Bells for Eli is Adeline (Delia) Green’s first person narrative of her relationship with her first cousin Ellison (Eli) Winfield throughout their childhood into their young adult lives. The novel opens in 1978 in Green Branch, SC, with Delia appearing inert from an unknown sorrow. The story then flashes back to 1959 when Eli drinks Red Devil Lye, the chemical his father used to blow up balloons for Eli’s third birthday celebration and negligently left in a Coca-Cola bottle. Eli’s accident changes the trajectory of both his and Delia’s lives as he emerges, physically and psychologically, a severely damaged boy.

     In part because of Eli’s accident, the cousins grow unusually close during the 1960’s and 70’s, against the backdrop of small-town South Carolina.  They live across the street from each other, and though Eli’s mother is of landed aristocracy and Delia is the child of first generation college parents, social boundaries do not exist between them.  An only child influenced by a doting mother and alcoholic father, Eli struggles mightily toward adolescence.  He encounters bullying and shunning by schoolmates who don’t understand and mock his disfigurement and frailty.  Achieving acceptance is torturous not only for Eli but for Delia who is her cousin’s protector.

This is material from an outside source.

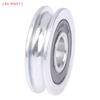 Stainless steel HMA88-10*30*8mm U Groove Bearing Pulley Non-Standard Concave Wheel Guide Wheel For 5mm Diameter Wire Pope/Track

     Later—his tubes and trach gone—Eli appears normal as he bolts into adolescence, a heartbreaker with a double standard, guarding Delia’s vulnerability when she ventures into a destructive romantic relationship. Determined as Eli is to rescue his beloved cousin from her boyfriend’s ulterior motives, Delia is equally committed to saving Eli when he falls into the wrong crowd enamored with drugs.  Eli’s accident changes the typical relationship he and Delia might have had.  Instead, it grows into an incomparable love, blossoming into an intimacy that cannot be, for they know to love one’s cousin in that way is taboo. The novel concludes with Delia’s discovery of a shocking secret that reveals truths about Eli she has never known.